■ Supplied material
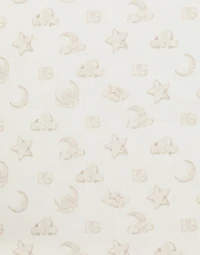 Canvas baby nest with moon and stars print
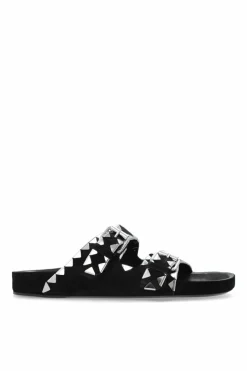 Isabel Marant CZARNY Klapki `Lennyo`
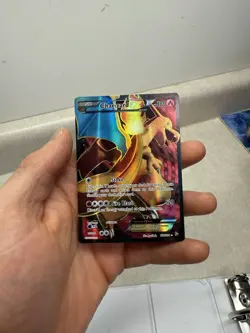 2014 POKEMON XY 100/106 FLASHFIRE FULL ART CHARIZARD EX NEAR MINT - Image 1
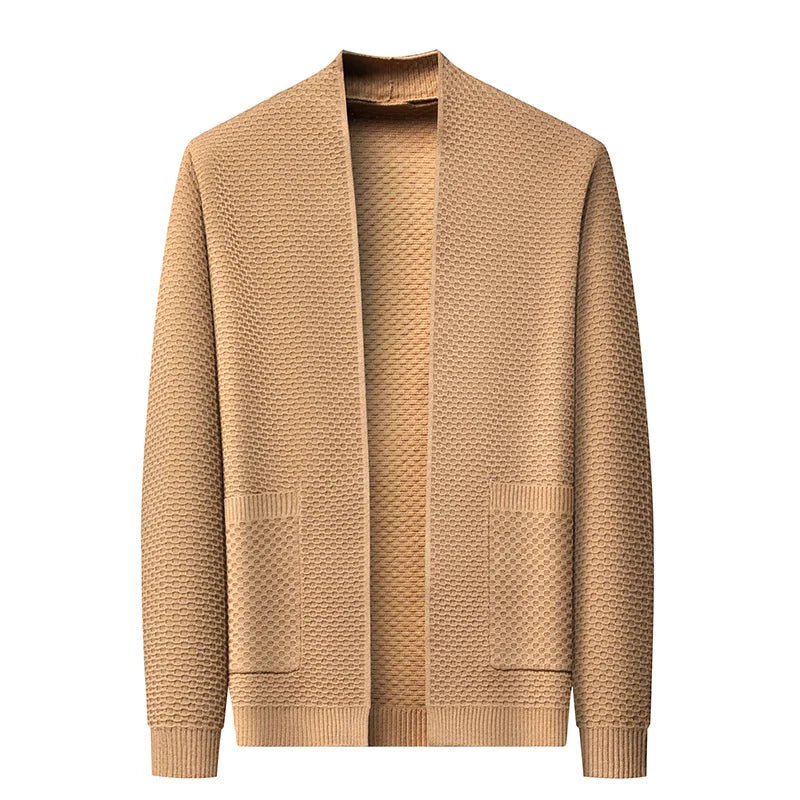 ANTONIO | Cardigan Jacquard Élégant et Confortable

■ What the task asks
Retype the data word for word, please, and keep the images out.

■ Response box
 Canvas baby nest with moon and stars print
 Isabel Marant CZARNY Klapki `Lennyo`
 2014 POKEMON XY 100/106 FLASHFIRE FULL ART CHARIZARD EX NEAR MINT - Image 1
 ANTONIO | Cardigan Jacquard Élégant et Confortable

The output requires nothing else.